A Picture had it been of lasting ease,
Elysian quiet, without toil or strife;
No motion but the moving tide, a breeze,
Or merely silent Nature's breathing life.


Such, in the fond illusion of my heart,
Such Picture would I at that time have made:
And seen the soul of truth in every part;
A faith, a trust, that could not be betray'd.


So once it would have been,—'tis so no more;
I have submitted to a new control:
A power is gone, which nothing can restore;
A deep distress hath humaniz'd my Soul.


Not for a moment could I now behold
A smiling sea and be what I have been:
The feeling of my loss will ne'er be old;
This, which I know, I speak with mind serene.

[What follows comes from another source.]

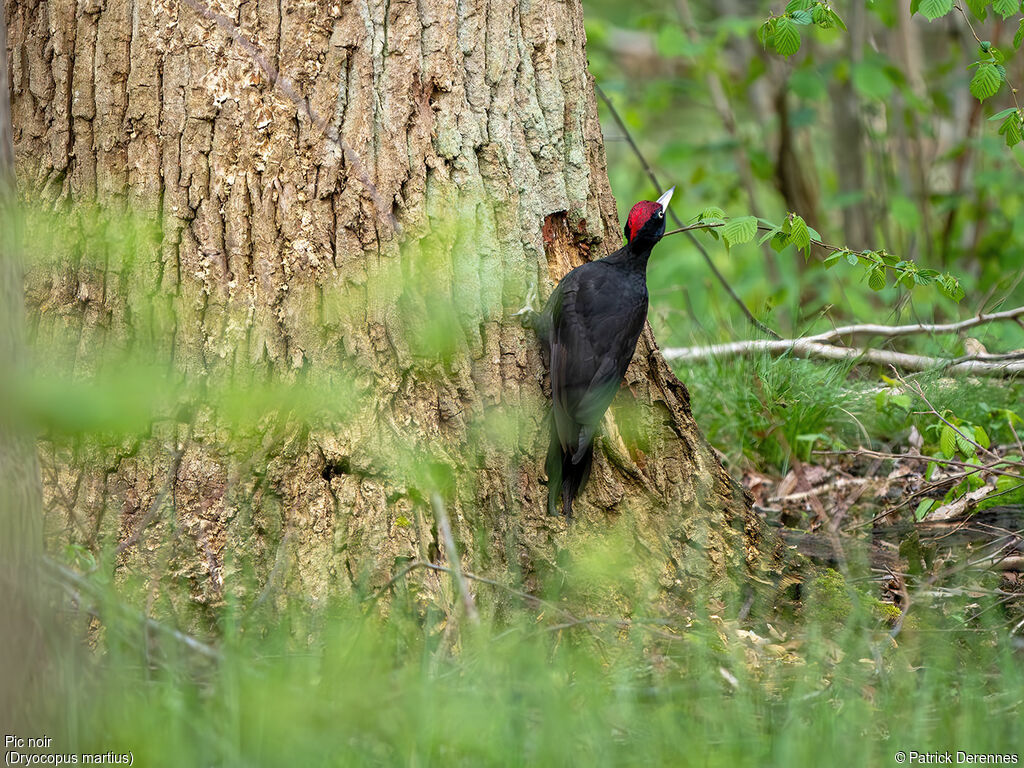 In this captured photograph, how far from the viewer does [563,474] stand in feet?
10.2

Then, Beaumont, Friend! who would have been the Friend,
If he had lived, of Him whom I deplore,
This Work of thine I blame not, but commend;
This sea in anger, and that dismal shore.


Oh 'tis a passionate Work!—yet wise and well;
Well chosen is the spirit that is here;
That Hulk which labours in the deadly swell,
This rueful sky, this pageantry of fear!


And this huge Castle, standing here sublime,
I love to see the look with which it braves,
Cased in the unfeeling armour of old time,
The lightning, the fierce wind, and trampling waves.


Farewell, farewell the Heart that lives alone,
Housed in a dream, at distance from the Kind!
Such happiness, wherever it be known,
Is to be pitied; for 'tis surely blind.


But welcome fortitude, and patient cheer,
And frequent sights of what is to be born!
Such sights, or worse, as are before me here.—
Not without hope we suffer and we mourn.